When to use: When headers contain secrets you never want to save (API keys, session cookies, auth tokens).

with_cassette "api_test",
  [
    filter_request_headers: ["authorization", "x-api-key", "cookie"],
    filter_response_headers: ["set-cookie", "x-session-token"]
  ],
  fn plug ->
    Req.get!(
      "https://api.example.com/data",
      headers: [{"authorization", "Bearer secret-token"}],
      plug: plug
    )
  end

Features:

  • Case-insensitive matching (Authorization matches authorization)
  • Completely removes headers from cassette
  • Separate lists for request and response headers
  • Headers are never written to disk

Result: Cassette will not contain the specified headers at all.

2. Regex Pattern Filtering

Replace matching patterns with redacted values using regular expressions.

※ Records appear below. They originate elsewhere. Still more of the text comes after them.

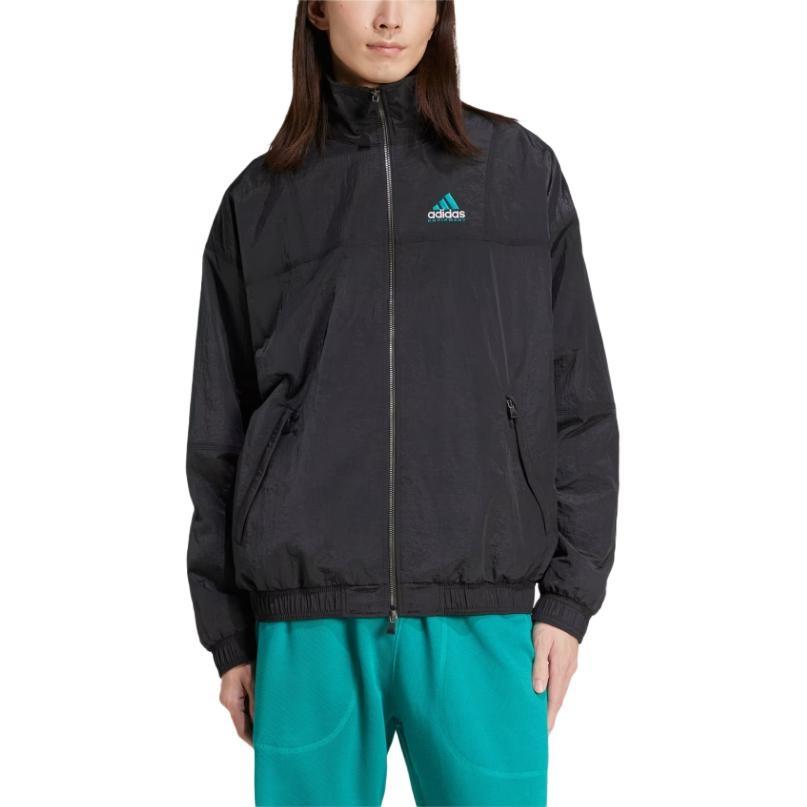 adidas EQT Track Top Asia Sizing 'Black' Men's JM6687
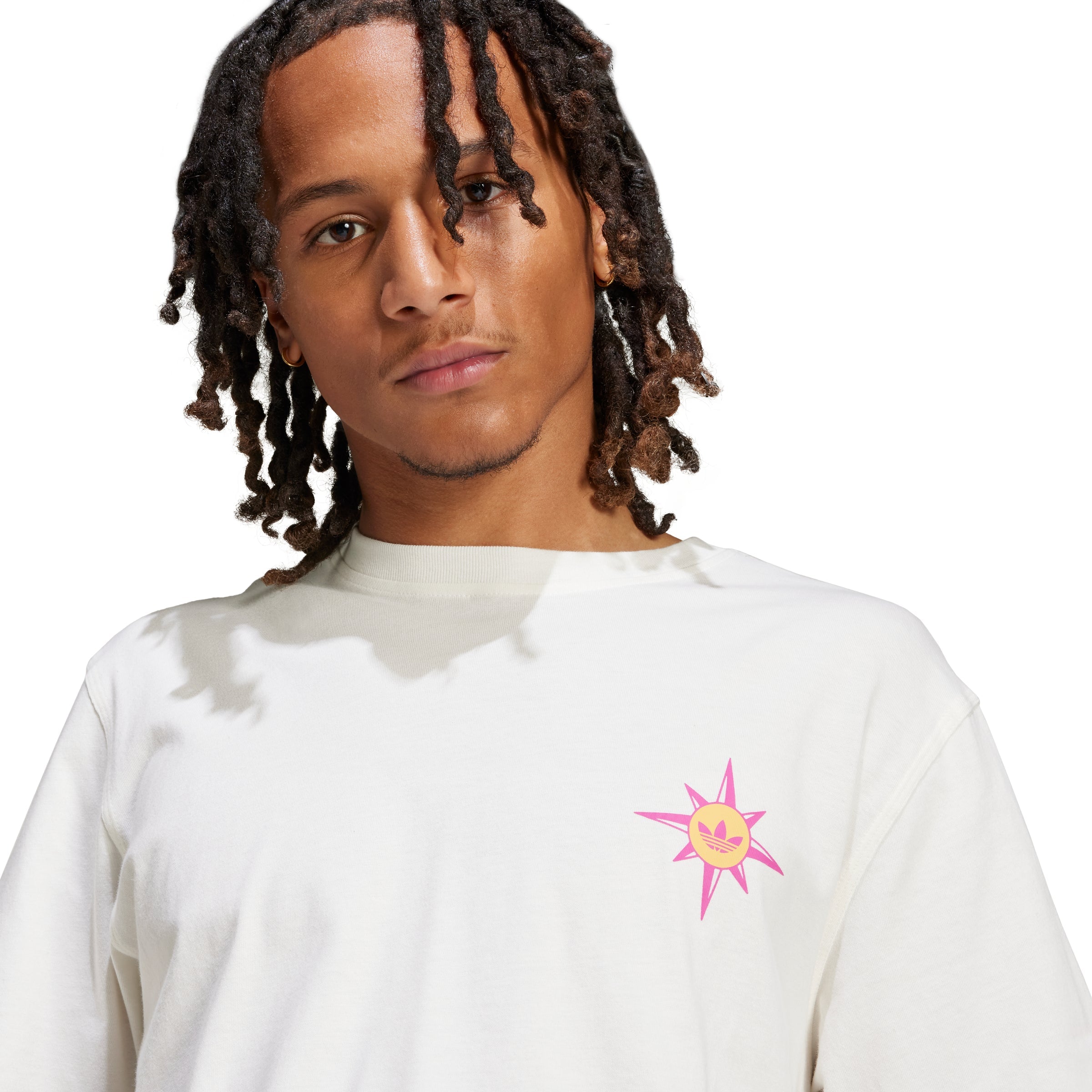 adidas originals JW4628 SUMMIT NATURE T OWHITE - T-shirt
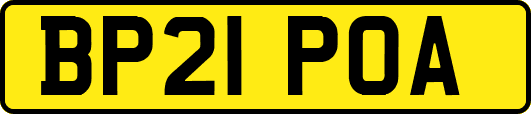 BP21POA
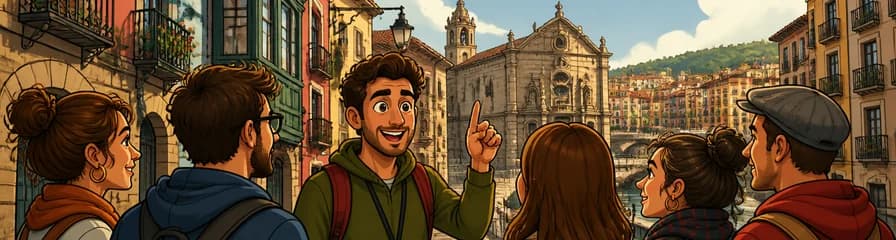 Descubre el Casco Antiguo de Bilbao a pie con guías locales en un tour gratuito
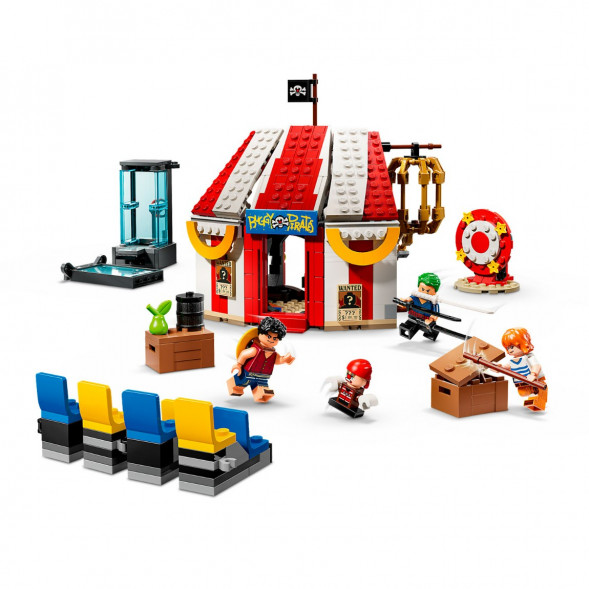 Конструктор LEGO One Piece 75637 Цирковой шатер клоуна Багги в Хабаровске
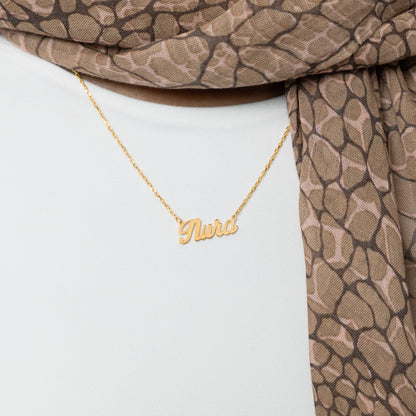 Collier avec nom personnalisé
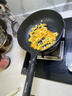 九陽(yáng)炒鍋不粘鍋平底鍋抗菌少油煙家用炒菜鍋電磁爐煤氣灶通用 帶蓋-JLB2662D 26cm 曬單實(shí)拍圖
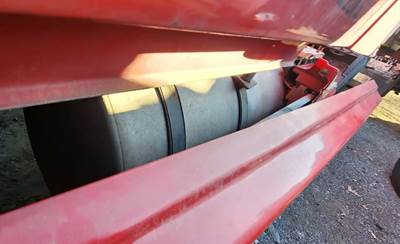 Volvo VNL Left Fuel Tank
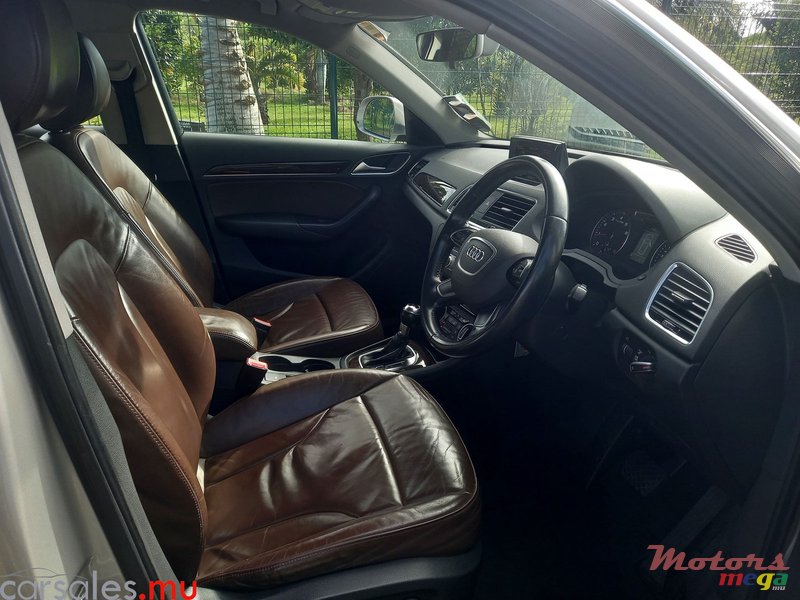 2016' Audi Q3 1.4 TFSI photo #6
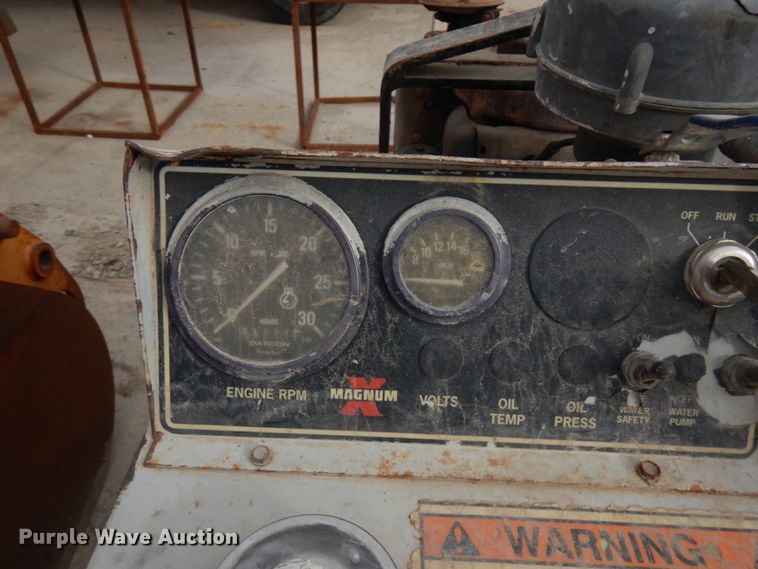 image for item JQ9203 Magnum 38 Special  Concrete saw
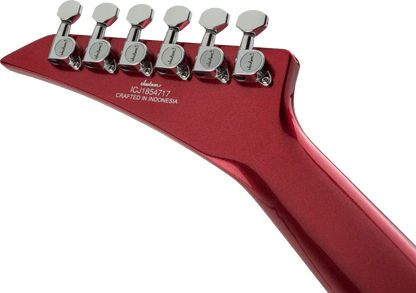 Jackson X Series Signature Scott Ian King V™ KVXT, Laurel Fingerboard, Candy Apple Red 2916403509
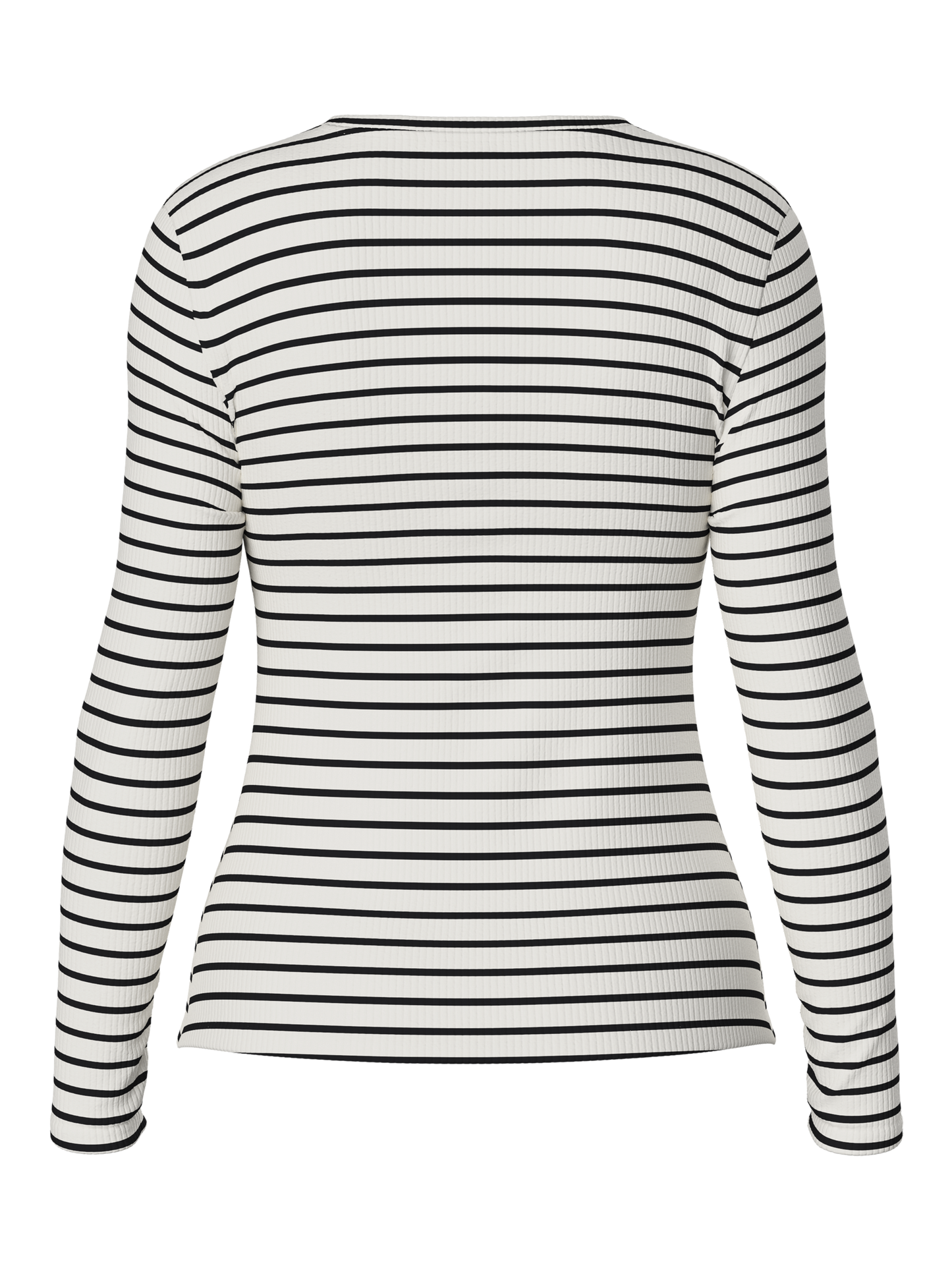 PIECES  PCRUKA LS TOP NOOS BC | Cloud Dancer NEW BLACK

When to use: For secrets embedded in URLs, query strings, or request/response bodies.

with_cassette "api_test",
  [
    filter_sensitive_data: [
      {~r/api_key=[\w-]+/, "api_key=<REDACTED>"},
      {~r/"token":"[^"]+"/, ~s("token":"<REDACTED>")},
      {~r/Bearer [\w.-]+/, "Bearer <REDACTED>"}
    ]
  ],
  fn plug ->
    Req.get!("https://api.example.com/data?api_key=secret123", plug: plug)
  end

Features:

  • Applied to URIs, query strings, and all body types (text, JSON, blob)
  • Multiple patterns processed in order
  • Works with JSON bodies (pattern matching on serialized form + recursive)
  • Supports binary/blob bodies (base64-decoded, filtered, re-encoded)

Result: Cassette contains the URL https://api.example.com/data?api_key=<REDACTED>

3. Request Callback Filtering

Custom filtering for requests with complex logic.

When to use: For complex request transformations, normalization, or conditional filtering based on request data.

with_cassette "api_test",
  [
    filter_request: fn request ->
      request
      |> update_in(["body_json", "email"], fn _ -> "user@example.com" end)
      |> update_in(["body_json", "timestamp"], fn _ -> "<NORMALIZED>" end)
    end
  ],
  fn plug ->
    Req.post!(
      "https://api.example.com/events",
      json: %{event: "login", timestamp: DateTime.utc_now(), email: "alice@real.com"},
      plug: plug
    )
  end

Features:

  • Applied during BOTH recording and matching (like regex/header filters)
  • Only receives request portion of interaction
  • Safe for complex request transformations
  • Cannot break replay if used correctly

⚠️ Important: If filter_request modifies fields used for matching (method, uri, query, headers, body), ensure transformations are idempotent or adjust match_requests_on to exclude those fields.

Request structure:

%{
  "method" => "POST",
  "uri" => "https://...",
  "query_string" => "...",
  "headers" => %{},
  "body_type" => "json",
  "body_json" => %{}  # or "body" for text, "body_blob" for binary
}

4. Response Callback Filtering

Custom filtering for responses - always safe!

When to use: For complex response transformations, redaction, or conditional filtering based on response data.

with_cassette "api_test",
  [
    filter_response: fn response ->
      response
      |> update_in(["body_json", "password"], fn _ -> "<REDACTED>" end)
      |> update_in(["body_json", "email"], fn _ -> "user@example.com" end)
      |> put_in(["headers", "x-secret"], ["<REDACTED>"])
    end
  ],
  fn plug ->
    Req.post!(
      "https://api.example.com/users",
      json: %{email: "alice@real.com", password: "secret"},
      plug: plug
    )
  end

Features:

  • Applied ONLY during recording
  • Only receives response portion of interaction
  • Always safe - responses don't affect matching
  • Simplest callback type for response filtering

Response structure:

%{
  "status" => 200,
  "headers" => %{},
  "body_type" => "json",
  "body_json" => %{}  # or "body" for text, "body_blob" for binary
}

LLM API Protection

LLM APIs use Authorization headers with sensitive API keys. Always filter these headers when using ReqCassette with LLM services.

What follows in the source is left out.